“去西藏。”
谢必安没有隐瞒。
“西藏?”
得到这么个答案的齐铁嘴满是诧异,连声音拔高了一截,下意识地说,“去那鸟不拉屎的地方干什么?”
谢必安:“……”
见谢必安没反应,齐铁嘴声音小了很多,带着几分心虚:“再说了,那地方也不通火车啊。”

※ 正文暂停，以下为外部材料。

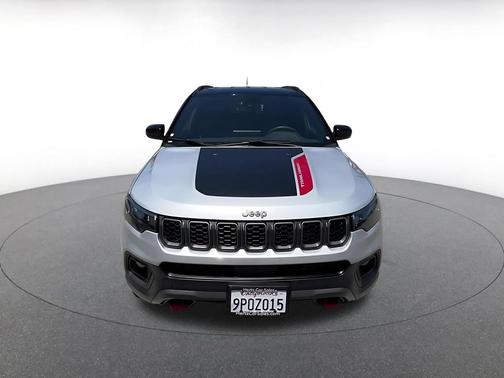 Silver Zynith Metallic Clearcoat 2025 Jeep Compass Trailhawk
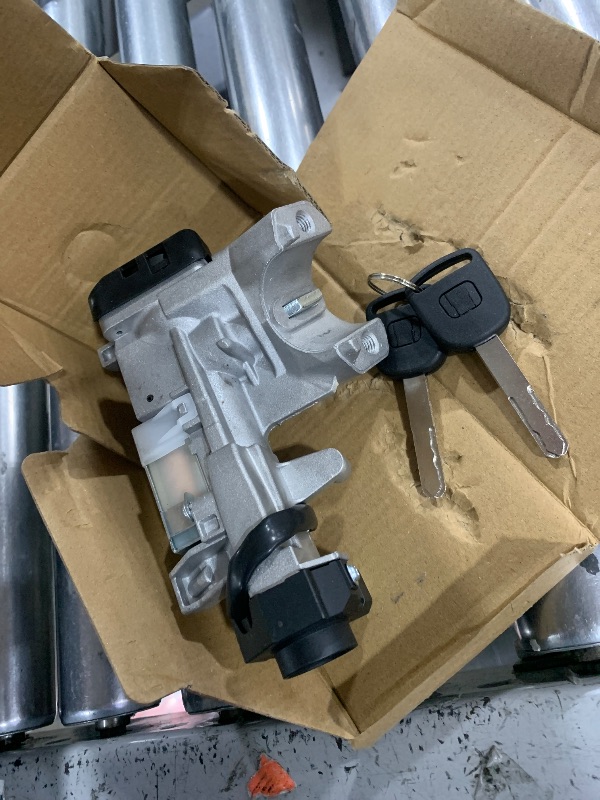 Photo 1 of Aumzong Ignition Switch Lock Cylinder with 2 Keys (with Chip) Compatible with Honda Civic 1.3L 2003 2004 2005,for Honda Civic 1.7L 2001 2002 2003 2004 2005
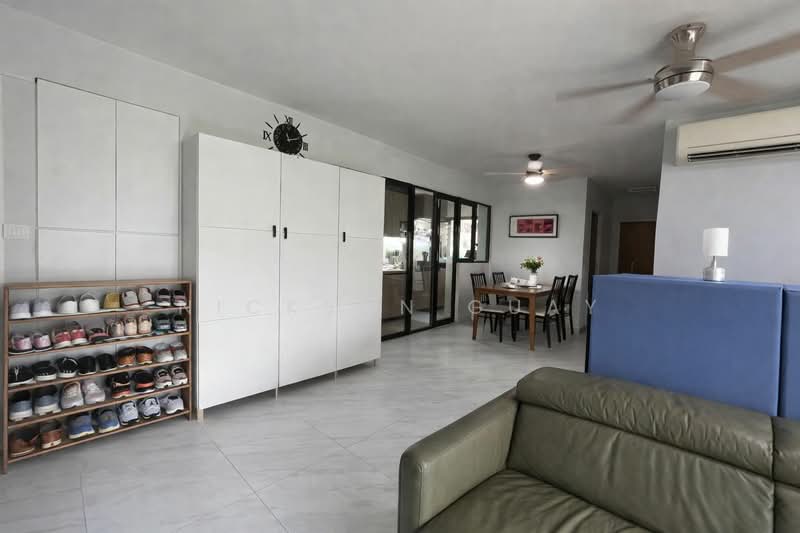 807C Choa Chu Kang Avenue 1 HDB Flat For Sale at S$ 665,000 | PropertyGuru Singapore - Living Room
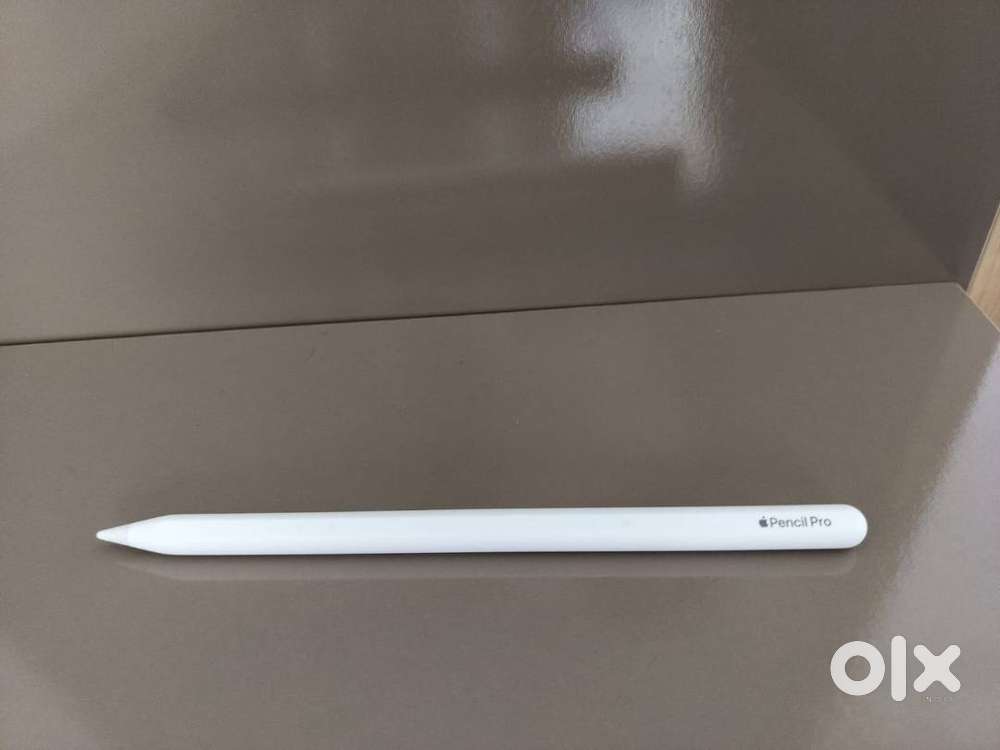 Apple iPad Air M2 + Apple Pencil Pro + Cover Excellent Condition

他接着说:“火车只能坐到四川,剩下的路,要么骑马,要么坐牛车,要么靠两条腿走。这一路上翻山越岭的,那个罪都不是人受的……”
这倒是真话。
谢必安看着他说个不停,似笑非笑:“去西藏说不定能找回他的记忆。”
他抬了抬下巴,看向身边的张起灵。
“他的记忆?”
顺着谢必安的目光望过去,齐铁嘴对上张起灵的黑眸,凝固几秒,收回视线,小声嘀咕:“张家族长的记忆的确挺重要的……”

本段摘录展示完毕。